AGP 8X can theoretically push 2.1 gigabytes per second.

The geforce 3 I am using is on a AGP 4X.

[This message has been edited by neomind (edited 01-21-2004).]

Well if you switched to display lists, make sure all your scene is visible by your camera. The NVidia drivers perform frustum culling on display lists, so it can mess up your benchmarking figures.

If i follow you, you’re now drawing 3 millions triangles per frame ? What framerate do you get ?

Y.

With 300 of the 10000 triangle objects I am getting a framerate of about 5-6 fps. I frustum cull the objects before sending them to rendering so it should not mess with my benchmark figures. Also, most of the scene is visible at all times.

Originally posted by neomind:
[b]I am rendering the display lists like this:
*glGenLists
*activate textures and array pointers
*glNewList
*glDrawElements
*glEndList
B]

You are only generating the display lists once, before the main render loop, right?

What happens to performance if you comment out any changes to the modelview matrix?

Personally I think you should just use VAR/VBO. No point worrying about performance unless you are using the optimum method. If you then still have a performance problem then its worth investigating. I haven’t found display lists that fast for rendering small amounts of geometry many times.

You are only generating the display lists once, before the main render loop, right?

Yes.

What happens to performance if you comment out any changes to the modelview matrix?

I think I have tried this with no change, but I will check it again later.

Personally I think you should just use VAR/VBO. No point worrying about performance unless you are using the optimum method.

The reason why I want vertex arrays (and display lists) is because I want to be able to run the game even on systems with few extensions, for many different reasons. I will use VAR or VBO in the final version and have vertex arrays as the fall-back. And as it should also run on MacOS X and Linux it restricts my choices even more (no wgl).

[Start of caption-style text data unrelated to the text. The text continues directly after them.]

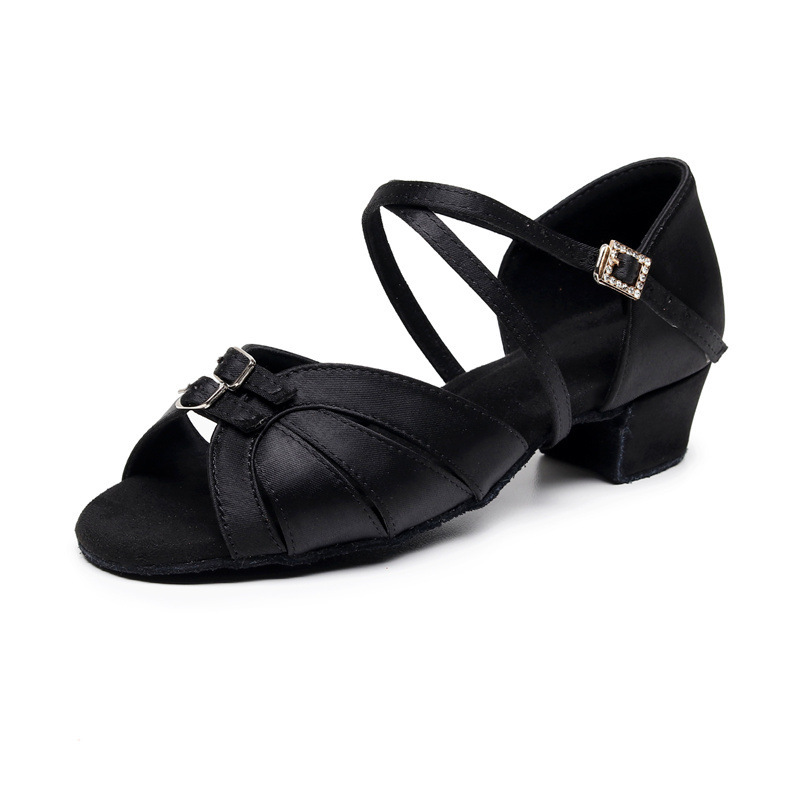Latin Dance Shoes for Girls and Kidsren White Professional Girls Soft Sole Summer Kidsren's New Dance Shoes for Beginners Latin Dance Shoes for Girls and Kidsren White Professional Girls Soft Sole Summer Kidsren's New Dance Shoes for Beginners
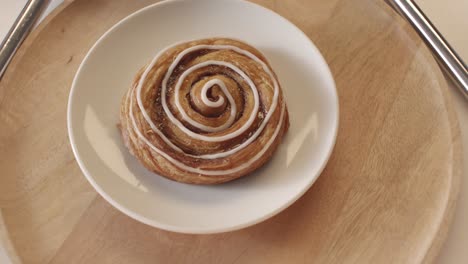 rollo de canela en el plato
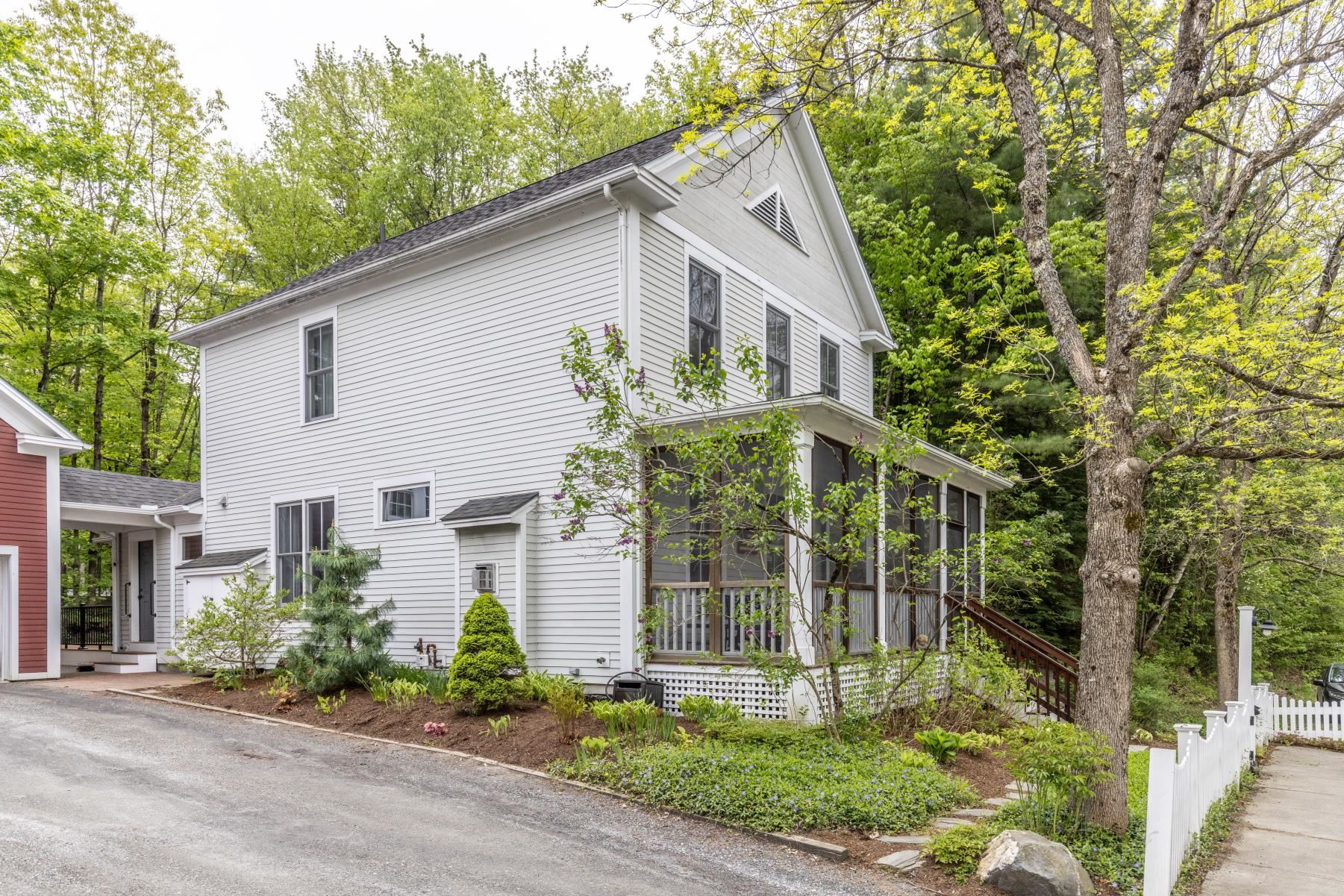 71 Palisades Street Unit: 71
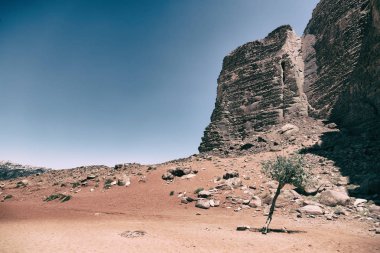 Çölde kum ve dağ macera hedef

[This message has been edited by neomind (edited 01-22-2004).]

It reminds me of a file i found on the nVidia web site called BatchBatchBatch.pdf by Matthias Wloka for a GDC.
In a nutshellthe more important is the number of batches you send and not the number of triangles in it.
According to its numbers you need to send more than 130-200 triangles per batch to not be CPU limited. As you send 550 you are above this limit but the raising in performance when you increase the number of triangles per object seems logical. 300 batches with low triangle count must be a high number for GeForce3 ???

I don’t have the link but it should be easy to find on their site.

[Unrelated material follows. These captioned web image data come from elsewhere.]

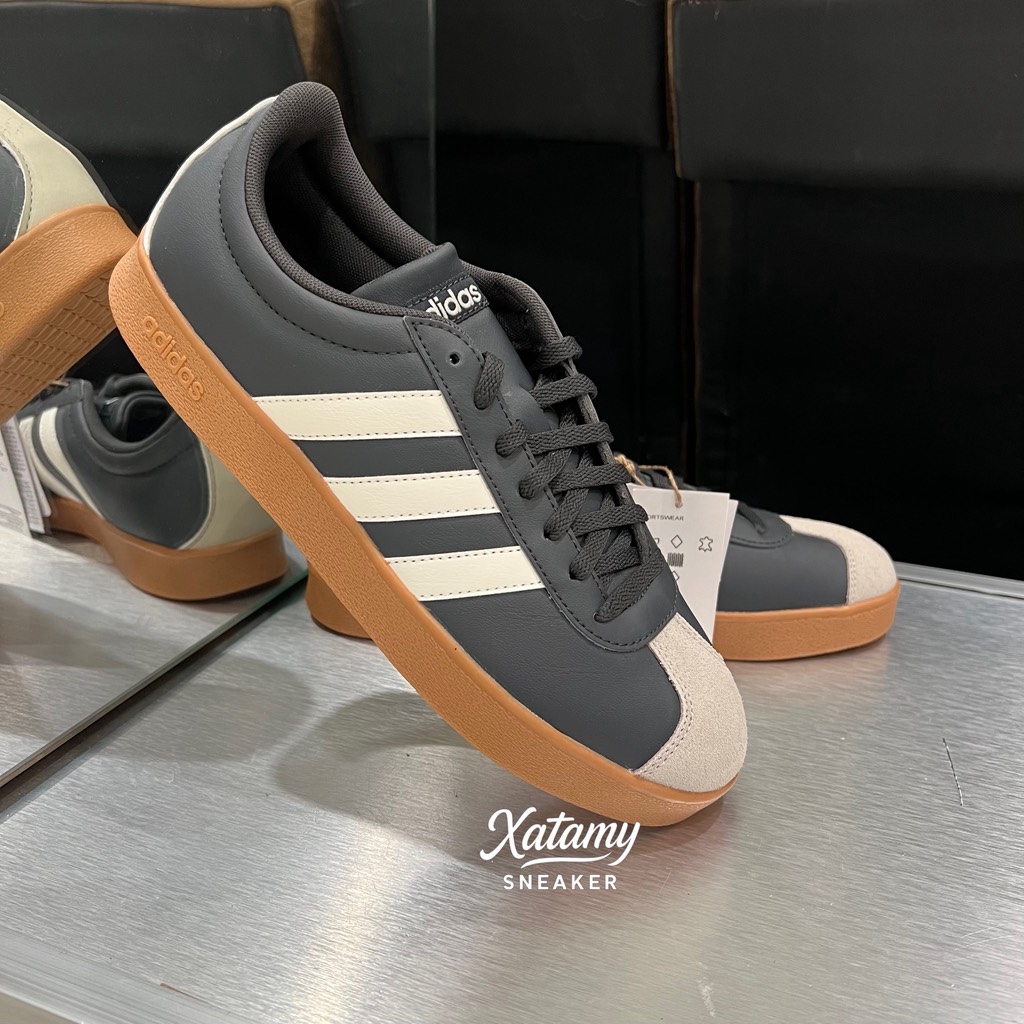 VL COURT Base Core Black JS4115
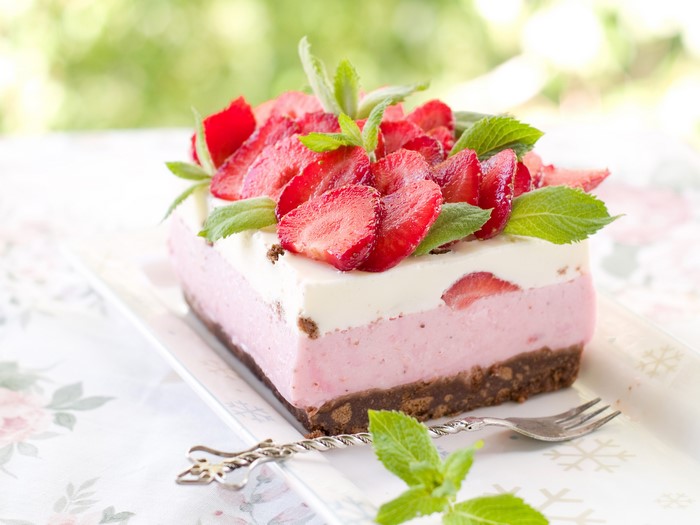 Strawberry cheesecake with mint and fork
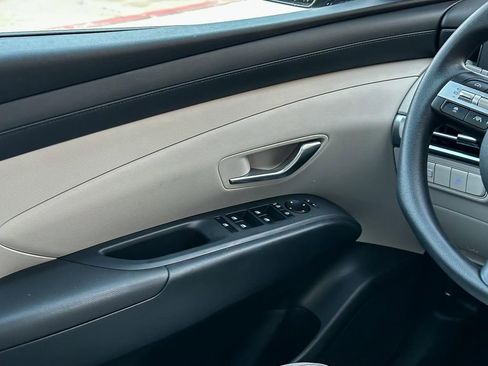 Used 2025 Hyundai Tucson SE image 25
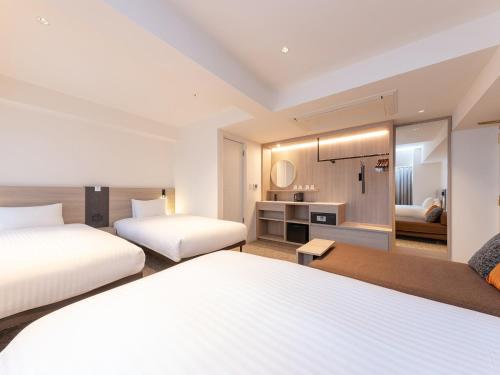 Habitación Triple Deluxe del hotel The OneFive Osaka Namba Kuromon. Foto 1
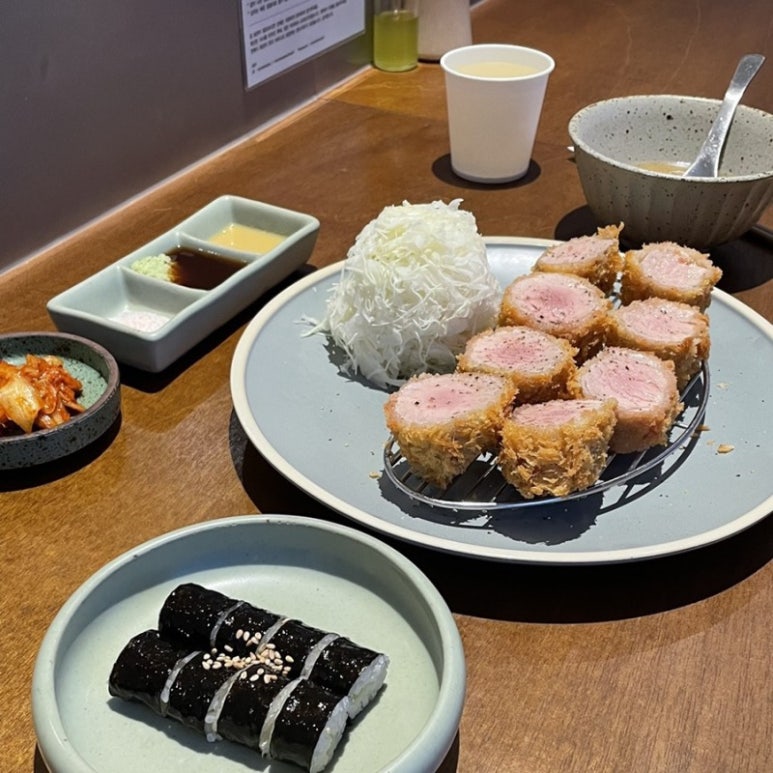 몬도카츠 이미지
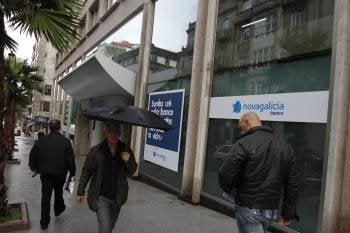 Novacaixagalicia se convertirá en una fundación. En la foto la sede en Vigo.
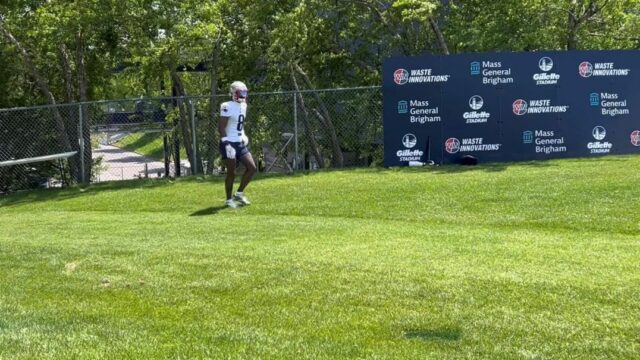 Stefon Diggs prítomný v patriotoch OT po neprítomnosti, video s loďou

[edit]By reading it again it gives numbers equivalent to those you get. Please post the link to this file if you find it for future readers.

[This message has been edited by Joel (edited 01-22-2004).]

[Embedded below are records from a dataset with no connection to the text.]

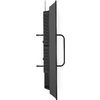 Zijaanzicht van een flatscreen-tv met achterpaneel, ventilatieopeningen, twee zijconnectoren, gebogen standaard en een hangende kabel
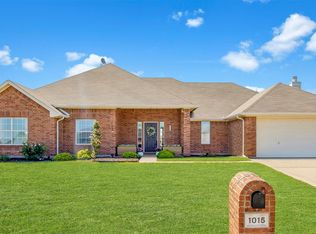 1015 Meadow Hill Dr, Lavon, TX 75166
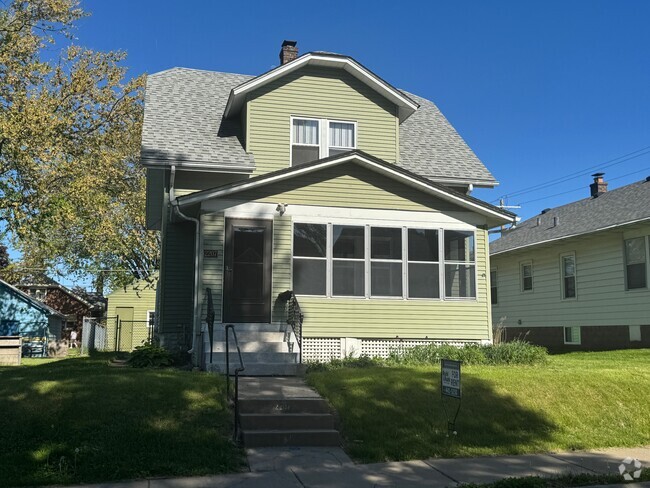 Building Photo - 2207 Wilkes Ave Rental
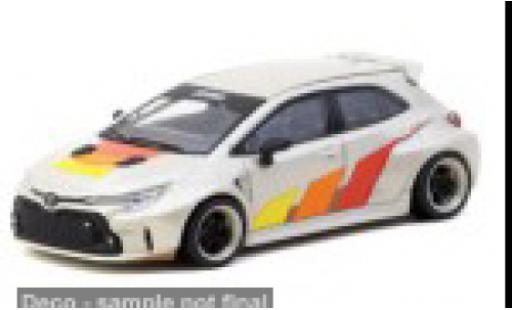 Toyota Corolla 1/64 Tarmac Works GR Widebody beige/Dekor 1:64 coche miniatura
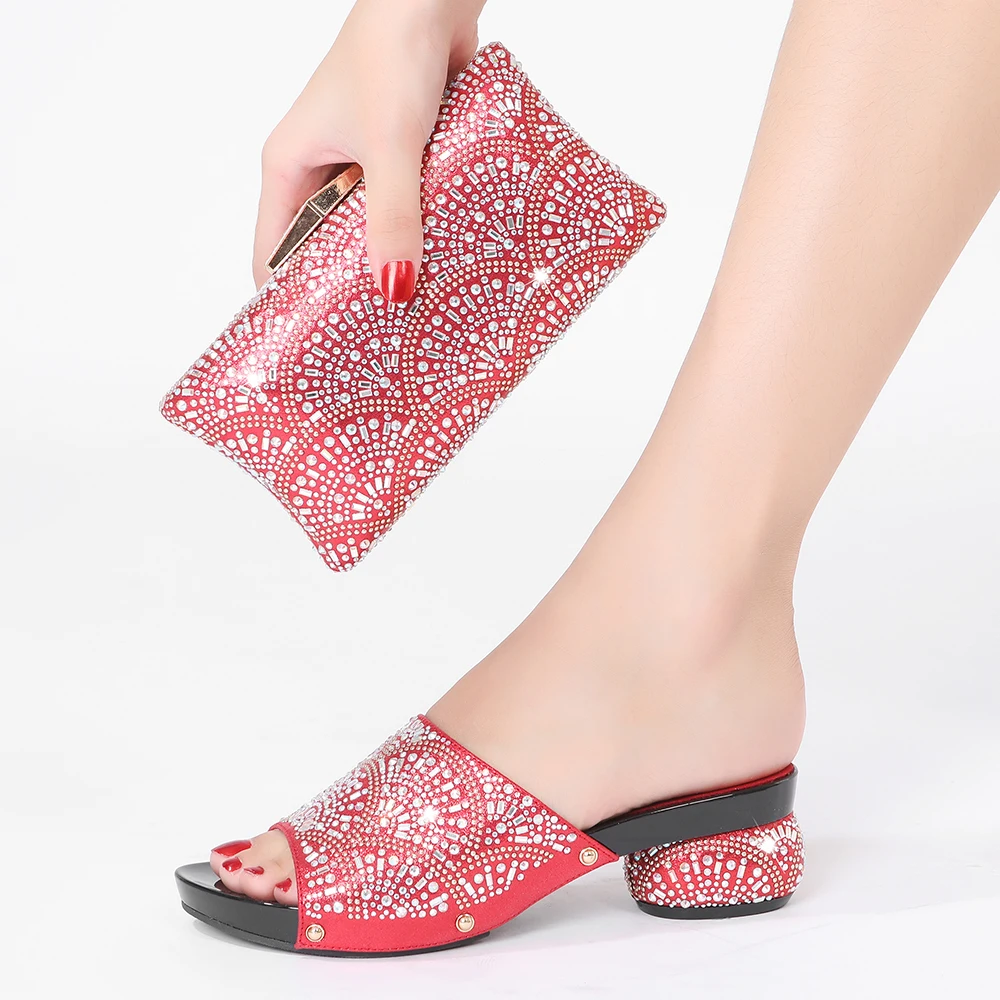 Summer and Autumn Luxury Round Toe Crystal Fan Shaped Ladies Chunky Heel Middle Heel Slippers and Party Fashion Exquisite Clutch
Summer and Autumn Luxury Round Toe Crystal Fan Shaped Ladies Chunky Heel Middle Heel Slippers and Party Fashion Exquisite Clutch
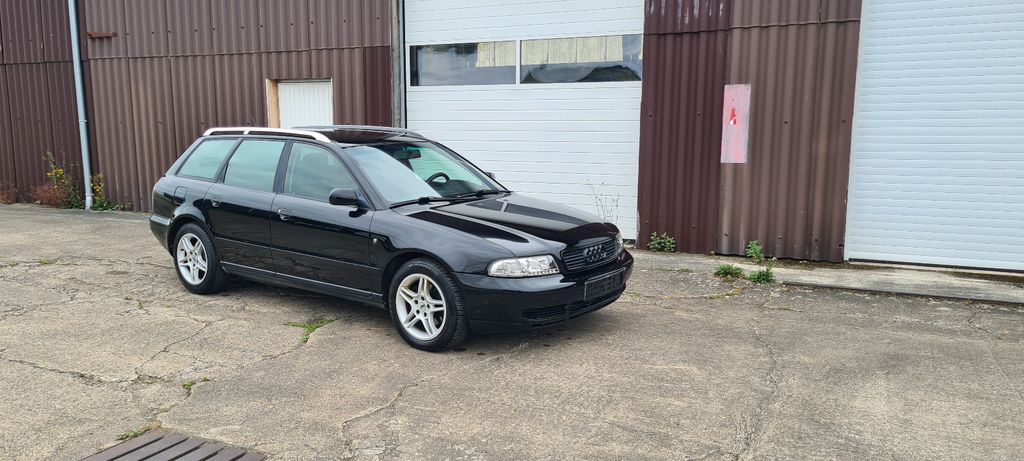 Audi A4 133.000 km 7.500 &euro; Kalefeld-Echte 37589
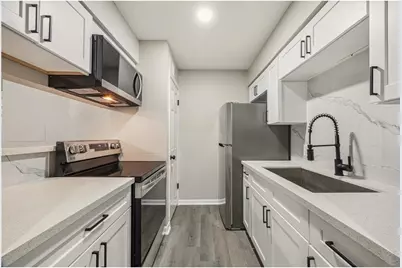 910 7th Avenue N #3, Texas City, TX 77590 - Photo 5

http://developer.nvidia.com/docs/IO/8230/BatchBatchBatch.pdf

That article was enlightening. It seems to explain most of the performance problems I have (or at least the general characteristics of them). It was certainly something I didn’t know, I have always thought that the cost of a batch is quite small.

Thank you for pointing this out. I wonder if the cost of a batch is smaller with VARs or VBOs?

Originally posted by neomind:
[b]I wonder if the cost of a batch is smaller with VARs or VBOs?

[/b]

As many have said it should be, as it is easier for the driver to fill the pipe (no/faster copy…). But as i didn’t do any tests i can’t really say. The one in best position to tell us what the gain would be (apart nVidia guys) is probably you, if you bench it

i dont know if VBO will help in solving the glDrawElements call overhead. Im using VBOs, but calling it becomes a bottleneck over a few hundred models. I can only achieve about 6Mtrianlges/sec with 1000 objects with <100 faces, but reach 10-14Mtri/sec with 3 models each having a million (!!!) faces. (using radeon 8500LE with separate arrays with 24byte vertex data unaligned).

That article was enlightening.

I thought so, too. Until Cass told me this applies to Direct3D only.

Oh, well. Guess I can’t do much more than to implement VBOs and see if there is any difference. I’ll benchmark using vertex arrays, display lists and VBOs and post to the forum.